- [The data]:
*** Block opens ***

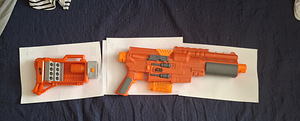 Пластиковое игрушечное оружие Nerf (2 фото из 10)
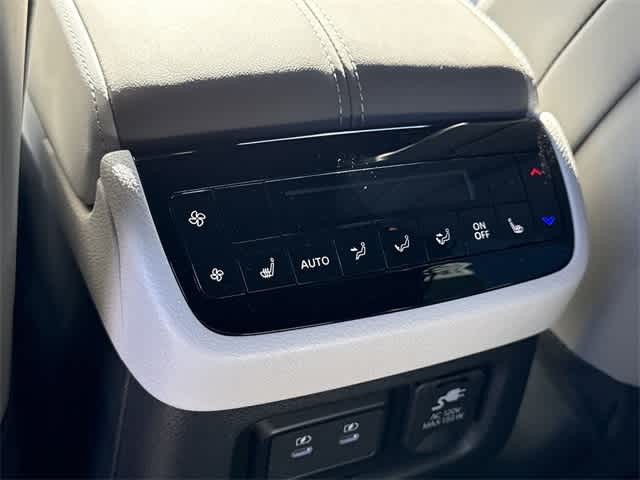 Thumbnail: 2026 INFINITI QX60 - 21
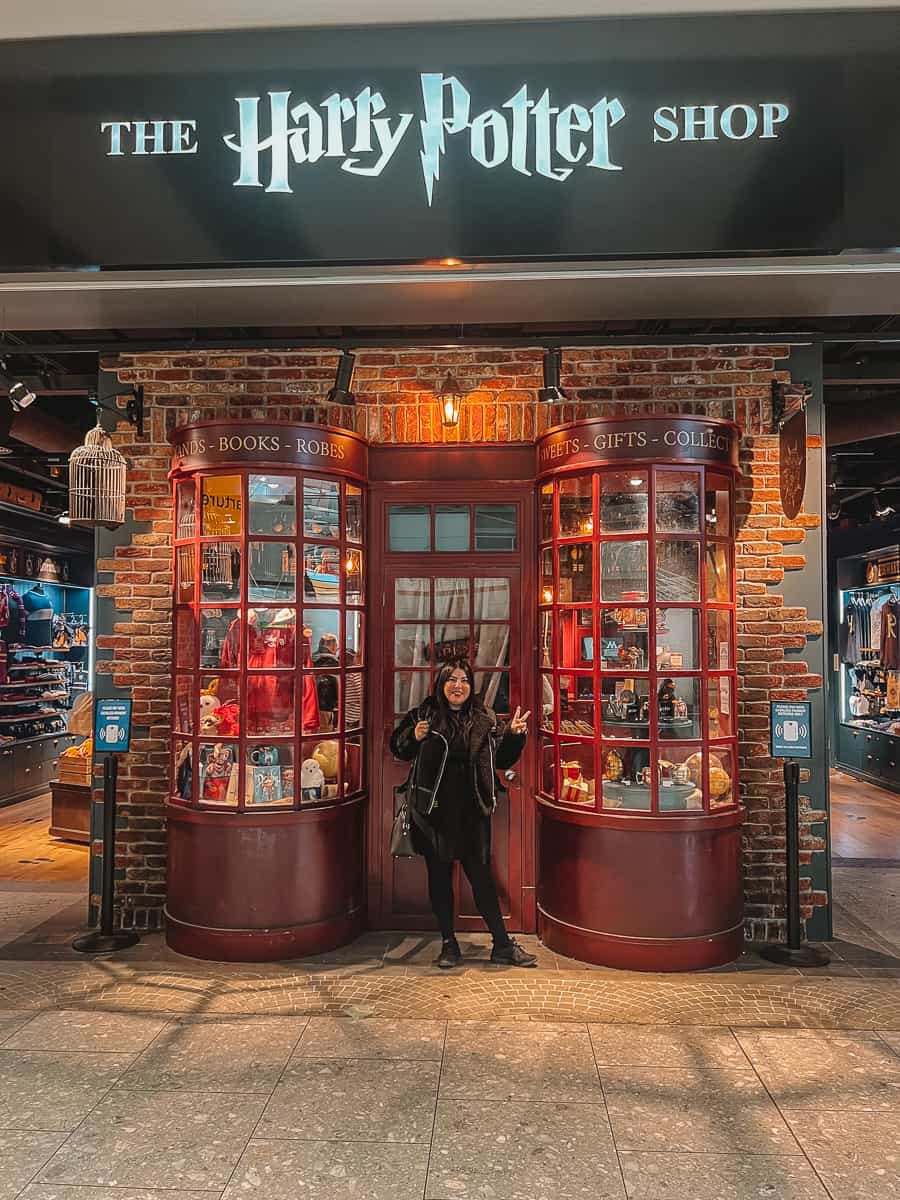 London Heathrow Harry Potter Shop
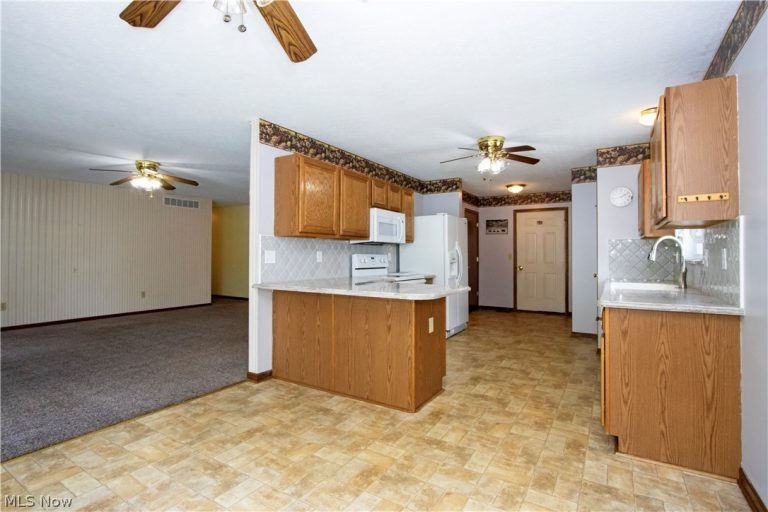 4937 Pine Ridge Drive, Wooster, OH - Photo 6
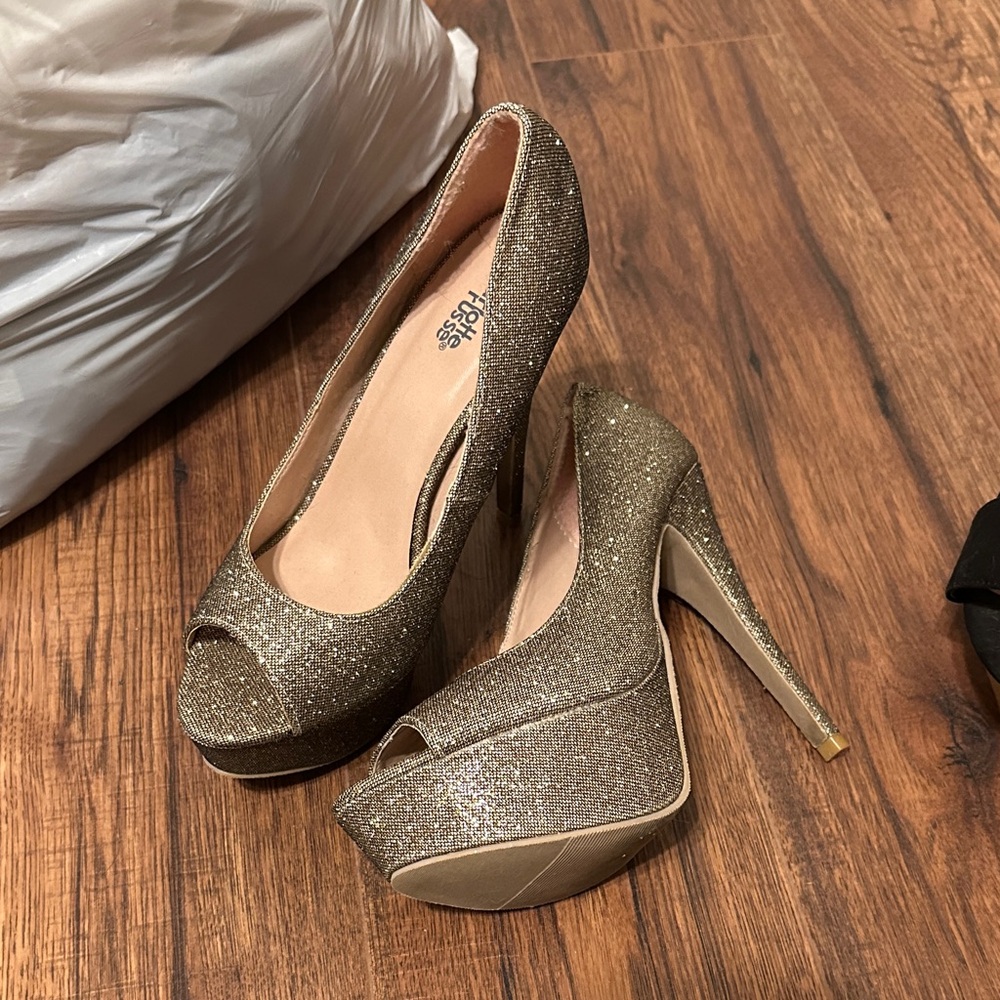 Charlotte Russe Gold Glitter Peep Toe Stiletto Heels - Picture 1 of 7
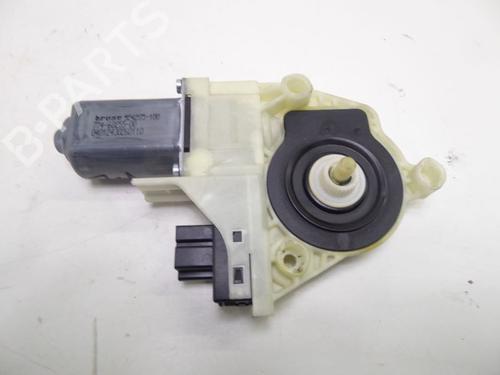 Used Left front window motor PORSCHE PANAMERA (970) 3.0 D (250 hp) 24388671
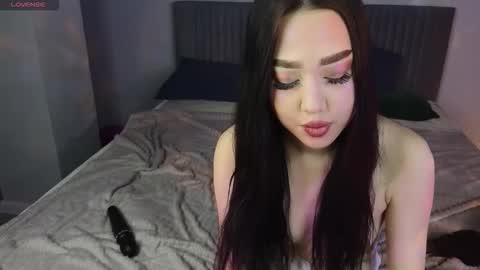 Naomi online show from February 24, 6:11 am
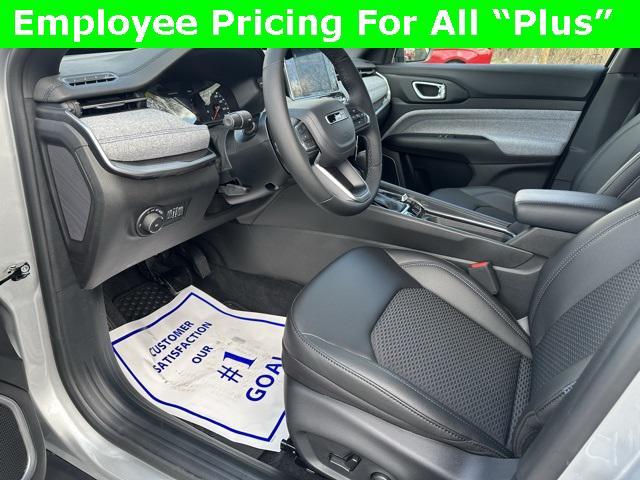 new 2025 Jeep Compass car, priced at $30,545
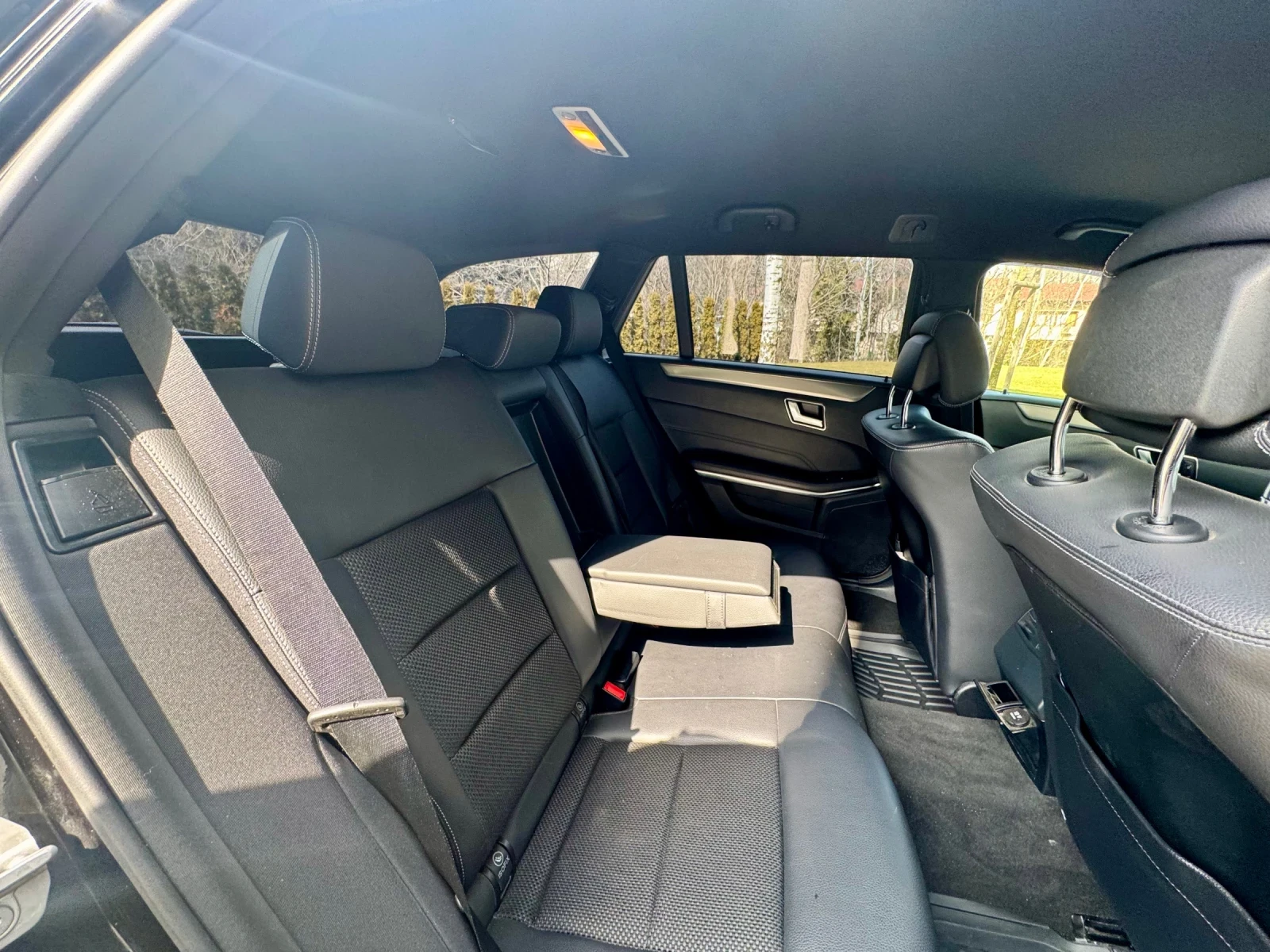 Mercedes-Benz E 220 4x4, снимка 12 - Автомобили и джипове - 54072018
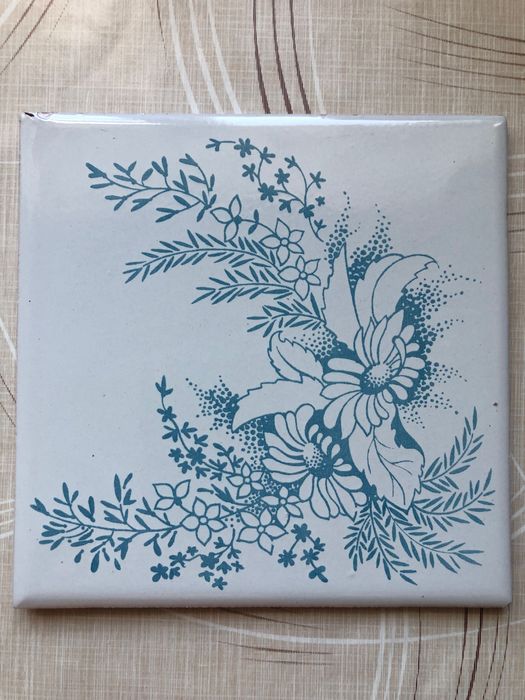 Плитка кафельна ПЕРЕСИЛАЮ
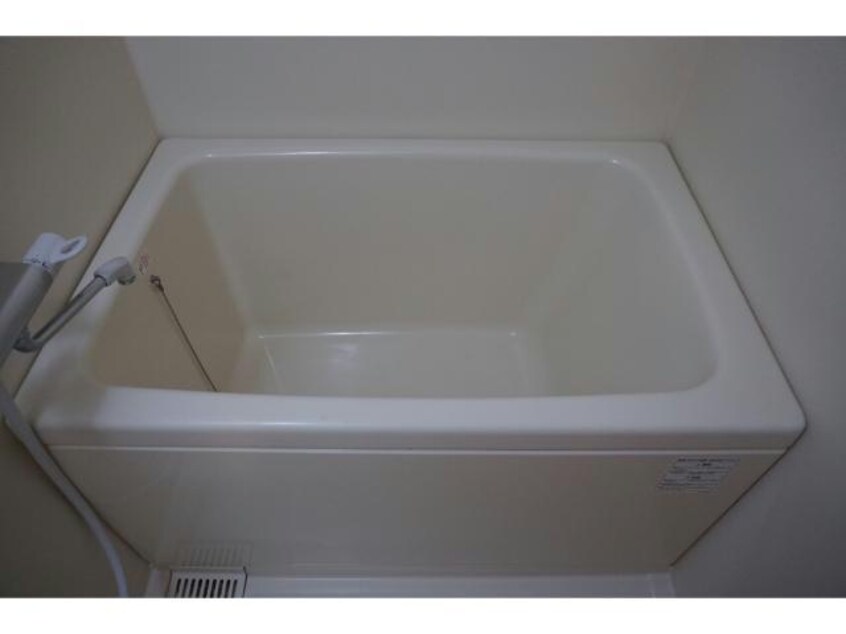  エリーフラッツ京町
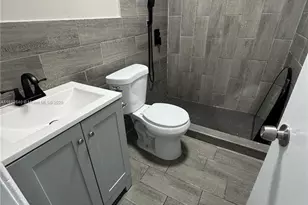 13725 NE 6th Ave, North Miami, FL 33161 - Photo 8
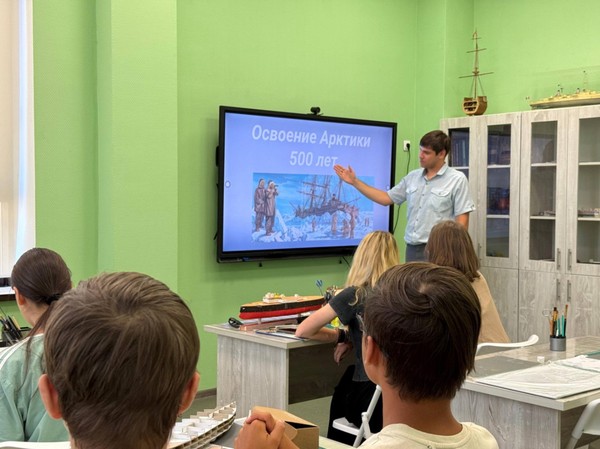 Показ документального фильма «Экспедиция Георгия Седова» из коллекции Российского государственного архива кинофотофонодокументов об истории освоения Арктики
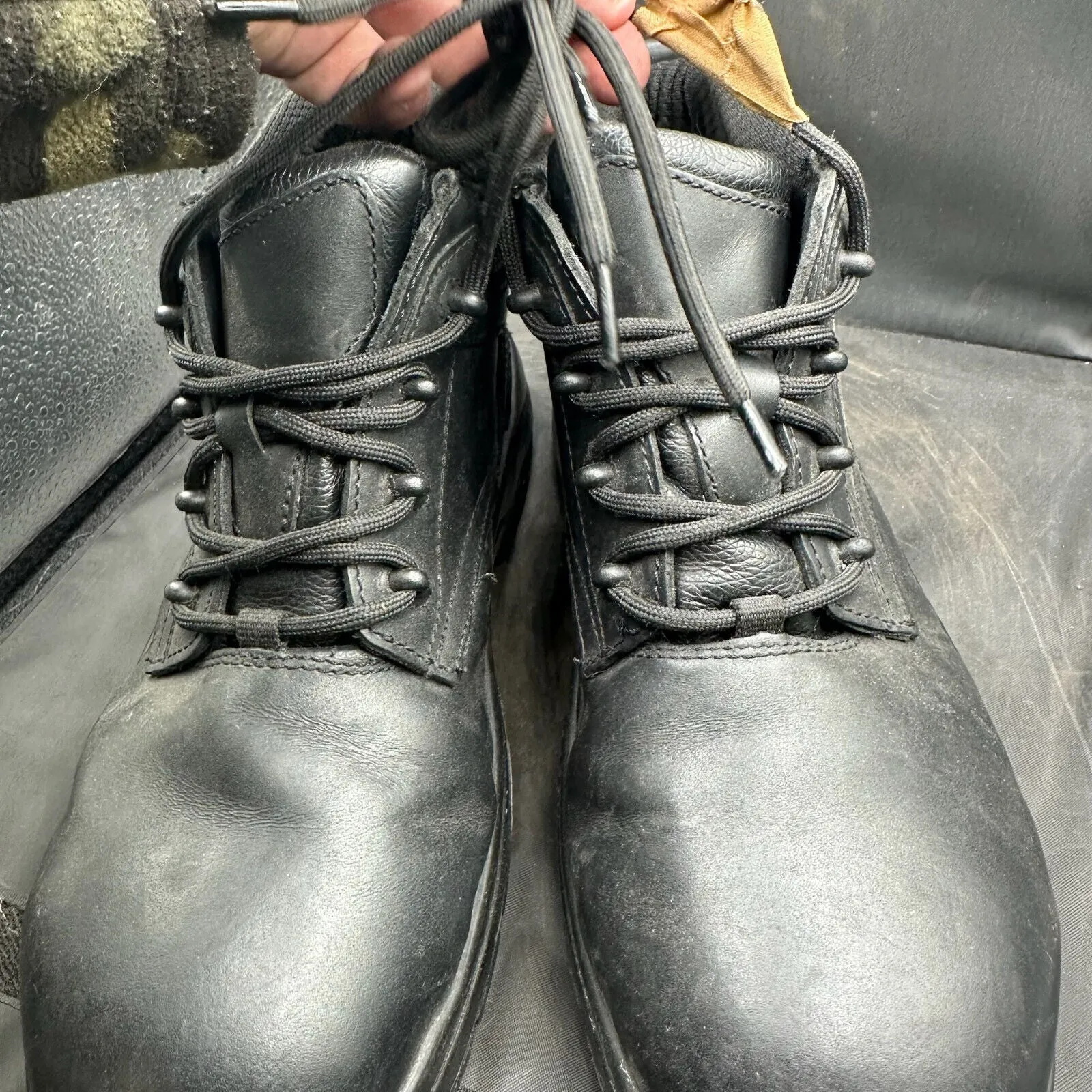 British Army Black Leather Army Combat Boots - Safety Boots - Size UK 9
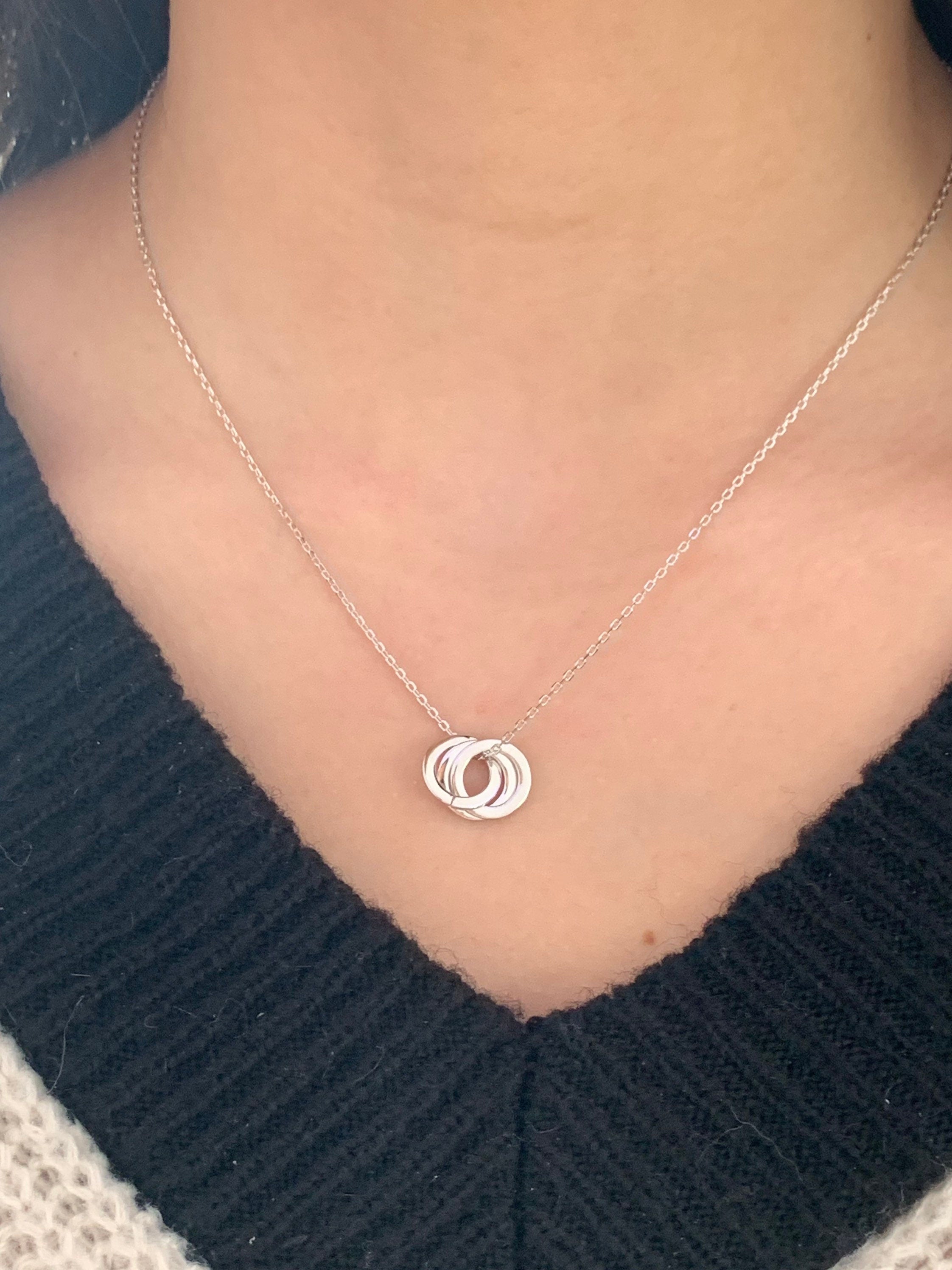 Minimalist Sterling Silver Necklace – Dainty 925 Chain with Interlocking Rings pendant – Everyday Fine Choker - 80s vintage fine choker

*** Block closes ***

- [Exercise directions]: Restate, exactly as they appear, the line with "British Army Black" and all the lines after it up to the end of the data above; images do not belong in the copy.

- [Problem solution]:
 British Army Black Leather Army Combat Boots - Safety Boots - Size UK 9
 Minimalist Sterling Silver Necklace – Dainty 925 Chain with Interlocking Rings pendant – Everyday Fine Choker - 80s vintage fine choker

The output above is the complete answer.